Nigeria’s annual inflation increased to 34.8% in December, reaching a near 29-year high as data revisions loom. Transportation has driven price hikes, while food inflation showed slight moderation. Key adjustments to the consumer price index will take place in 2024, potentially softening future inflation readings. The central bank raised interest rates significantly last year, aiming to control inflationary trends.
Nigeria’s annual inflation rate reached a near 29-year high of 34.8% in December, marking an increase from 34.6% in November. This surge came ahead of an anticipated overhaul of inflation data by the National Bureau of Statistics (NBS) which may result in a reduction of this rate. Economists had projected a slightly higher increase, with a median forecast of 34.9%. Notably, transportation costs have been the primary contributor to rising consumer prices, while food inflation eased slightly to 39.8%.
The upcoming data revision will revise the methodology that has not seen updates in 16 years. The NBS will adjust the consumer price index with a new reference year of 2024, changing the weighting of items that constitute the index. Consequently, the proportion of food, a major expense for households, will decrease from 51.8% to 40.1%. Additionally, the housing, energy, and electricity categories are set to shrink from 16.7% to 8.4%.
The ongoing inflation crisis has compelled Nigeria’s central bank to escalate its key interest rate, has risen by 875 basis points last year. These measures reflect efforts to counteract rising prices. Governor Olayemi Cardoso expressed expectations that price growth will begin to decelerate within the year. The central bank’s next interest rate decision is scheduled for February 18.
The context of Nigeria’s inflation rate highlights significant economic challenges facing the nation, particularly as it nears a 29-year high. Inflation data is critical for both economic stability and planning for households and businesses alike. The recent inflationary pressures are largely attributed to increased transportation costs, while plateaus in food prices indicate some easing in consumer pressure. The upcoming methodological changes by the NBS are expected to alter public perceptions regarding inflation and may impact economic policy going forward, especially in relation to interest rates and monetary policy decisions.

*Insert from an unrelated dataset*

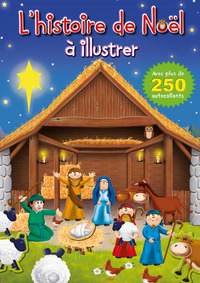 Picture of Noël (Histoires à illustrer)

In conclusion, Nigeria’s inflation rate has surged to a near 29-year high, prompting a reevaluation of inflation data methodologies. As prices continue to rise, particularly in the transportation sector, it is crucial for adjustments to the consumer price index to take place. The central bank’s significant interest rate changes signal a proactive approach to managing inflation, with expectations of easing growth later this year. The upcoming adjustments and their implications will be closely monitored by economists and stakeholders alike.